Problem description → In the records that follow, show each line where the word "Laidlaw" is present.

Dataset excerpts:
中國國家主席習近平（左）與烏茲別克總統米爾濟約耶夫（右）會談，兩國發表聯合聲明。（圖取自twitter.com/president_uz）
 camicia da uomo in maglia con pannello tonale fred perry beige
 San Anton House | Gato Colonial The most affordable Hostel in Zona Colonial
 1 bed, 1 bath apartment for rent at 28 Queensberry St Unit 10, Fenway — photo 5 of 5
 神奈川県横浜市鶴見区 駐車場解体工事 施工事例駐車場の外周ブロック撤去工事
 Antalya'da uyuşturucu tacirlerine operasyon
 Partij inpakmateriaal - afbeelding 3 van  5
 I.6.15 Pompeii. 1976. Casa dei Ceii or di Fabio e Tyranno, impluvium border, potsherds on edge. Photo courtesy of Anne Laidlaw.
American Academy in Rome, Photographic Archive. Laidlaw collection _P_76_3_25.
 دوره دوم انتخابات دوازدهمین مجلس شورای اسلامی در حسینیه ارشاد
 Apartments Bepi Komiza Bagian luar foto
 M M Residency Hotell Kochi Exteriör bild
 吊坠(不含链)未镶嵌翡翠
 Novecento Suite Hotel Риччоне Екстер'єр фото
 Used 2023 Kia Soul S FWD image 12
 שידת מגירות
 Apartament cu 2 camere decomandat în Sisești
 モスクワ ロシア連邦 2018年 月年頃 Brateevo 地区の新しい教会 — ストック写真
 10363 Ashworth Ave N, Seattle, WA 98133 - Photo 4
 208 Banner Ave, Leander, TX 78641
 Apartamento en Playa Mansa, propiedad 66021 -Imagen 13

Solution →
 I.6.15 Pompeii. 1976. Casa dei Ceii or di Fabio e Tyranno, impluvium border, potsherds on edge. Photo courtesy of Anne Laidlaw.
American Academy in Rome, Photographic Archive. Laidlaw collection _P_76_3_25.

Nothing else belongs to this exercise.